Steven J.W. Heeley serves as a consultant to Akin Gump. Mr. Heeley advises Indian tribes on corporate, transactional and natural resources matters, as well as on tribal governance and jurisdictional issues.
Prior to working with Akin Gump, Mr. Heeley was a partner with a large law firm in Phoenix, Arizona, where he headed the firm's federal Indian law practice group. He has served as the deputy general counsel for the Gila River Indian Community for over 10 years. In addition, he serves as an adjunct law professor at Arizona State University, teaching seminars on economic development and applied business transactions in Indian Country. He also serves as a member of the university's Advisory Committee for the Indian Law Program.
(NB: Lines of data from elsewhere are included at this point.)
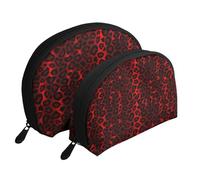 Estampado Animal de Leopardo Rojo Oscuro, Bolsa de Maquillaje de Concha, Monedero pequeño para Mujer, Bolsa de artículos de tocador, Bolsa de cosméticos, 2 Piezas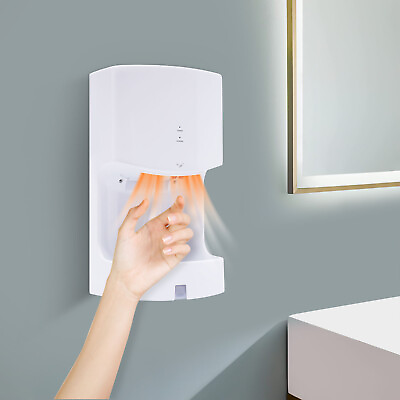 #ad Commercial Wall Mounted Automatic Hand Dryer High Speed Hot Air Wiper 1200W $74.20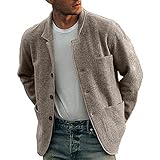 Smiela Herren Mantel Einreiher Einreiher Casual Stehkragen Winterjacke Herren für den Alltag Mode Herren Kleidung,Hellgrau,XL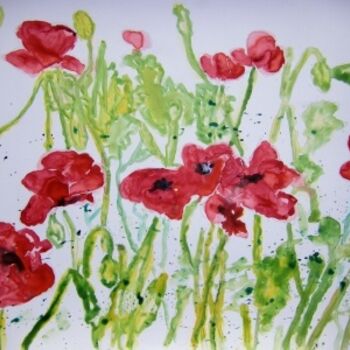 Pittura intitolato "red poppy flowers" da Derek Mccrea, Opera d'arte originale, Olio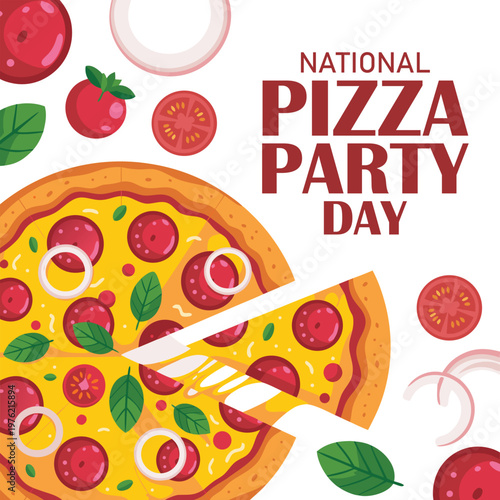 National pizza party day vector illustration, suitable for web banner or card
During the 104th Congress, Mr. Heeley served as staff director and chief counsel to the Senate Committee on Indian Affairs, which was chaired by Sen. John McCain, R-Ariz. Prior to assuming that role, Mr. Heeley was counsel to the Subcommittee on Native American Affairs of the Committee on Natural Resources in the U.S. House of Representatives, which was established in 1993. Prior to the creation of this subcommittee, Mr. Heeley served as the deputy counsel on Indian affairs to the Committee on Interior and Insular Affairs under Chairman George Miller.
From 1989 to 1991, Mr. Heeley served as deputy minority staff director and counsel to Sen. McCain on the Senate Select Committee on Indian Affairs. Before coming to Washington, D.C., Mr. Heeley was the assistant general counsel for the Gila River Indian Community in Sacaton, Arizona. He was a Reginald Heber Smith Fellow and worked as a staff attorney for the Four Rivers Indian Legal Services Program on the Gila River Indian Reservation.
Mr. Heeley received his B.A. from Dartmouth College in 1982 and his J.D. from the Boalt Hall School of Law at the University of California in Berkeley in 1985. He is a member of the State Bar of Arizona and served as vice-chair of its Native American Natural Resources Law Section. Mr. Heeley is a Potawatomi Indian from the Walpole Island First Nation in Ontario, Canada.